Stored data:
=== Section Start ===
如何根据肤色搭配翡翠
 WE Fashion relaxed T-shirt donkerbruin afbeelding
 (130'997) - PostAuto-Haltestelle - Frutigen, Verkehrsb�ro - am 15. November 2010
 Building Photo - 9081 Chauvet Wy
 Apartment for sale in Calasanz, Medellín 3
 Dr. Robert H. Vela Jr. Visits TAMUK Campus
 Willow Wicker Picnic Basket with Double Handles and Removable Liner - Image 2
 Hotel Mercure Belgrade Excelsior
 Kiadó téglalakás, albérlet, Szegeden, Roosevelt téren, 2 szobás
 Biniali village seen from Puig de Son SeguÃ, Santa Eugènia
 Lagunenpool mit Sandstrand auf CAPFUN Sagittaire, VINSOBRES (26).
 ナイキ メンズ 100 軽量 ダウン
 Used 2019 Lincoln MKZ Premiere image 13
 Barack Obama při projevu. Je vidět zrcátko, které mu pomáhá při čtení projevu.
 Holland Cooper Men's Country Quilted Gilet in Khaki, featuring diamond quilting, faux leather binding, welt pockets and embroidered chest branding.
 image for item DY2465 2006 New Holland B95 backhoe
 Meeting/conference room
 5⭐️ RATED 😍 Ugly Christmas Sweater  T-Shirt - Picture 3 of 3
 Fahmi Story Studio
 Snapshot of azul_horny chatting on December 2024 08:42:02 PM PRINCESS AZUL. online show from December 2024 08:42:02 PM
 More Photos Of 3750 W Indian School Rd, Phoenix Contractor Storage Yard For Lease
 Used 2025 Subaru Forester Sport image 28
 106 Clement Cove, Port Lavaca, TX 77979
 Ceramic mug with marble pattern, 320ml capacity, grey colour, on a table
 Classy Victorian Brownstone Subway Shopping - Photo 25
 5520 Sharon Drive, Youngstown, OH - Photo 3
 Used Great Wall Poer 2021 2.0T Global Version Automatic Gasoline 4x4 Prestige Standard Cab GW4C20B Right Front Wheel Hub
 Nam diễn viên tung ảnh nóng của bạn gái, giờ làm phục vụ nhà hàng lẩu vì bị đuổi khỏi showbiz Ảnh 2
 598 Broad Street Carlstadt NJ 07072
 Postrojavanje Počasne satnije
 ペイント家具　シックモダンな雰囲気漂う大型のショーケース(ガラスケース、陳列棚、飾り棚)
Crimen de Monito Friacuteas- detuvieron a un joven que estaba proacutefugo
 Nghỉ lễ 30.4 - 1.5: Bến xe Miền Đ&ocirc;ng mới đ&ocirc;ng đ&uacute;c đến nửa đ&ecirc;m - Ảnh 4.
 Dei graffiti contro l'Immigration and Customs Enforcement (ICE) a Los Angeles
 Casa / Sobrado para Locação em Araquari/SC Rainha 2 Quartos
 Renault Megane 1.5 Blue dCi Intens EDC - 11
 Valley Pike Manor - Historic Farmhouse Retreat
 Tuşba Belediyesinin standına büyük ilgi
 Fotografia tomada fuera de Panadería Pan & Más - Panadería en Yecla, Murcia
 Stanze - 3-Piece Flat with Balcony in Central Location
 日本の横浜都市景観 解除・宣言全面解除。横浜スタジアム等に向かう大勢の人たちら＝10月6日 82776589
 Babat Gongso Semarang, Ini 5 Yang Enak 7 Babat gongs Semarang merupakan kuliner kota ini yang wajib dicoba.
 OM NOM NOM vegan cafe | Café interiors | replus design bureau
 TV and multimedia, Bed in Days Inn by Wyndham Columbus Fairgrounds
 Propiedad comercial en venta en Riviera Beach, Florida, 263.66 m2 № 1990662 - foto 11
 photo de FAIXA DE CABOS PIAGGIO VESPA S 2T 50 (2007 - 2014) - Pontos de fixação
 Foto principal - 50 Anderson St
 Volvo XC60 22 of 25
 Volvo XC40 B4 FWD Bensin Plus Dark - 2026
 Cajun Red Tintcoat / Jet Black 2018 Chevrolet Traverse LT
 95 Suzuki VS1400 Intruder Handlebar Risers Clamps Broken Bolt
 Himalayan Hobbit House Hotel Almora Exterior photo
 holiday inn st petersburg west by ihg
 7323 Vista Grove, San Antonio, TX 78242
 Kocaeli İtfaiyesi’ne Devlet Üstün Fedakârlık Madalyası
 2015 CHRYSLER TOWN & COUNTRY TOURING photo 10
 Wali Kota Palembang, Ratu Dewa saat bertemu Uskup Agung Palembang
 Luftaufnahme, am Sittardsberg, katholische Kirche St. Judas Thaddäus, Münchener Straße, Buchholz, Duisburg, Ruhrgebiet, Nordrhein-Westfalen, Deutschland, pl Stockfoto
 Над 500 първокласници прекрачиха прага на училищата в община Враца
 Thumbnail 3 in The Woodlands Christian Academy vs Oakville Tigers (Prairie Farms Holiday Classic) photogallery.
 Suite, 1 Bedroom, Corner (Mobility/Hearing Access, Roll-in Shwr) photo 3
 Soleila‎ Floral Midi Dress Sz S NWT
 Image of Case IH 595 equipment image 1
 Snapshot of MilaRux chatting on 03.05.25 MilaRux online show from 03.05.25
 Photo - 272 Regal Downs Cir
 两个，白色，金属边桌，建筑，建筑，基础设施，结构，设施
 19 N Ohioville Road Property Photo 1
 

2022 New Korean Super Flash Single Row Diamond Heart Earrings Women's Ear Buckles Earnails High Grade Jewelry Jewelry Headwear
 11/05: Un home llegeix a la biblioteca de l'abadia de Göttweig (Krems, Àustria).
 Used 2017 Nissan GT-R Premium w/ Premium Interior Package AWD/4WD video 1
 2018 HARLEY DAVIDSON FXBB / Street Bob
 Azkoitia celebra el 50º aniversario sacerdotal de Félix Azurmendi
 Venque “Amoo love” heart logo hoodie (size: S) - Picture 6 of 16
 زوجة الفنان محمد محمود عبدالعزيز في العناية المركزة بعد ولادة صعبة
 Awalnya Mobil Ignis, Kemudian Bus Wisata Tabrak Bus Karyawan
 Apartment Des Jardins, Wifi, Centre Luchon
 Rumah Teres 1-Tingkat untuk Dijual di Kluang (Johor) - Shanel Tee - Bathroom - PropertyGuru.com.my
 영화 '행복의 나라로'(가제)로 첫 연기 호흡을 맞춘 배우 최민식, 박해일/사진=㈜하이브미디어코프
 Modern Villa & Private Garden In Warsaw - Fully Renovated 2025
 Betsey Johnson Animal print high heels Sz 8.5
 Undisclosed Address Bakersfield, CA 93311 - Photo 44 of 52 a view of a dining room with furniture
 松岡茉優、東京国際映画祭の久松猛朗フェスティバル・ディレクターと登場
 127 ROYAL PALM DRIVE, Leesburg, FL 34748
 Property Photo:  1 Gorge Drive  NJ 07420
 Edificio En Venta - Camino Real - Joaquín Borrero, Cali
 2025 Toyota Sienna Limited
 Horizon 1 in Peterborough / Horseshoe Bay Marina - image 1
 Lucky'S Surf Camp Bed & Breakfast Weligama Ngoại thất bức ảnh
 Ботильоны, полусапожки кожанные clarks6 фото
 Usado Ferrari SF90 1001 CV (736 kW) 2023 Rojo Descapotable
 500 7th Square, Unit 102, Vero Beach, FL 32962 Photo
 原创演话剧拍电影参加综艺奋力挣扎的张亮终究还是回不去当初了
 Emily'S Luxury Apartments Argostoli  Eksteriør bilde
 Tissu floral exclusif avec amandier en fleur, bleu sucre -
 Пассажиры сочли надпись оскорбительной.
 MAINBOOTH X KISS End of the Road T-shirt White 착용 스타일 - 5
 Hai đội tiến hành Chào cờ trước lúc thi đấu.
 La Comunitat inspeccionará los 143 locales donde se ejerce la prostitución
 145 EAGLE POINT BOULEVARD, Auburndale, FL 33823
=== Section End ===
- _Exercise details_
In restating the data, begin at its first line, reproduce each line word for word, and conclude with the line that contains "Willow Wicker Picnic".

- _Output for this exercise_
如何根据肤色搭配翡翠
 WE Fashion relaxed T-shirt donkerbruin afbeelding
 (130'997) - PostAuto-Haltestelle - Frutigen, Verkehrsb�ro - am 15. November 2010
 Building Photo - 9081 Chauvet Wy
 Apartment for sale in Calasanz, Medellín 3
 Dr. Robert H. Vela Jr. Visits TAMUK Campus
 Willow Wicker Picnic Basket with Double Handles and Removable Liner - Image 2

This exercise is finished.